Wednesday, October 06, 2004
Noah Eli Gordon Interview
Noah Eli Gordon is on a roll, as is clear from the bio that’s circulating as part of the announcement for his upcoming reading at Philadelphia’s LaTazza (with local reader Pattie McCarthy rounding out the bill). I'm guessing Frank Sherlock will be posting the reading info here shortly, so for now I'll simply steal Noah's bio from him. Check it out:
Noah's the author of The Frequencies (Tougher Disguises), notes toward the spectacle (Duration Press), Jaywalking the Is (Margin to Margin), and What Ever Belongs in the Circle (Anchorite). A new collection, The Area of Sound Called the Subtone, is forthcoming from Ahsahta Press this December. Recent work of his is forthcoming from 26, Hambone, Web Conjunctions, 88, The Tiny, and Magazine Cypress. His book reviews have appeared in many journals, including Boston Review, Rain Taxi, The Poetry Project Newsletter, The Poker, and Jacket. He publishes the Braincase chapbook series from his home in Northampton, Massachusetts, where his current writing project is a manuscript called "The Year Of The Rooster & Other Alarming Poems."

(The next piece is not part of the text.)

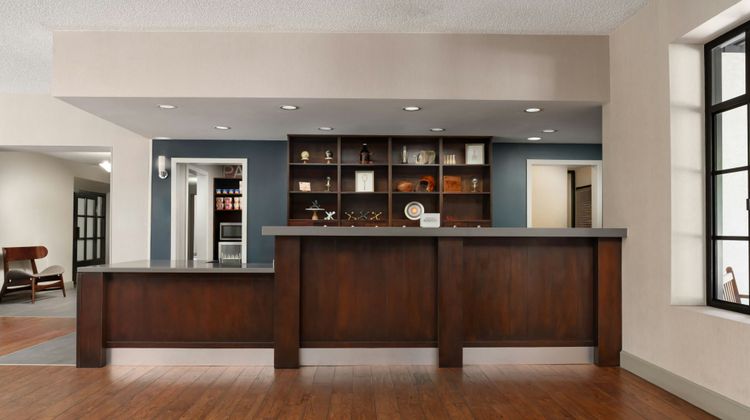 Four Points by Sheraton Pleasanton Lobby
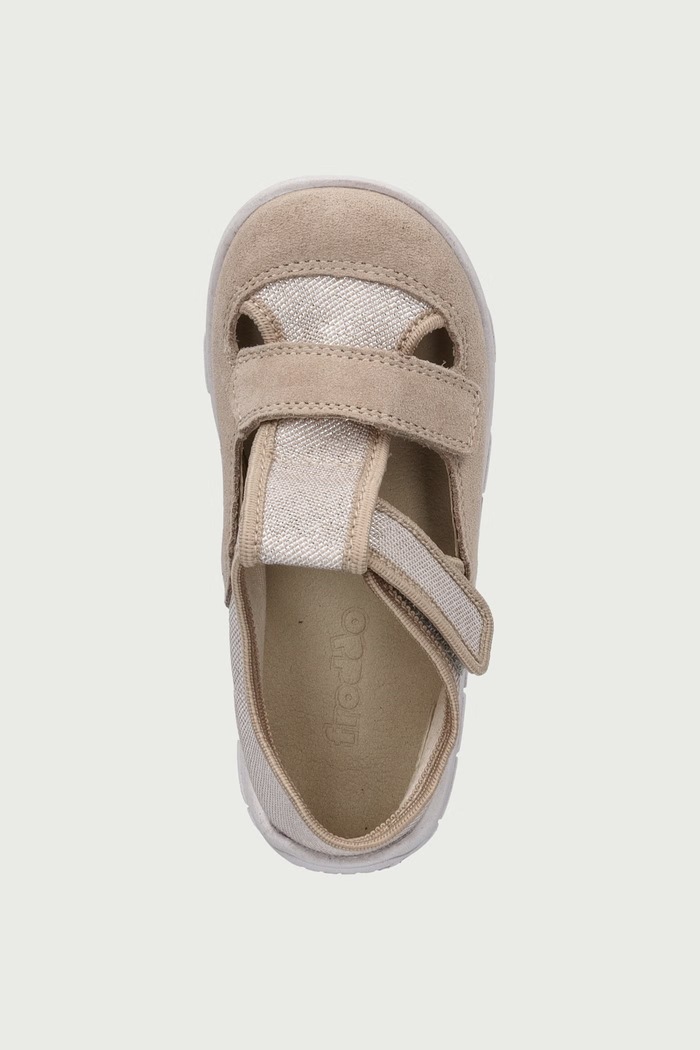 Kapcie dziecięce CLASSIC SLIPPERS Froddo G1700412.25.27. beżowy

I interviewed Noah via email over the last few months, and here’s the fruits of our labor. I hope you enjoy, and I hope to see you at the reading, too. – Chris McC
CM: Your last email to me includes the great line, "it was around the time I quit playing music...and turned into a poetry geek..." Can you talk a bit about getting turned on to poetry? Whose work was crucial to that process?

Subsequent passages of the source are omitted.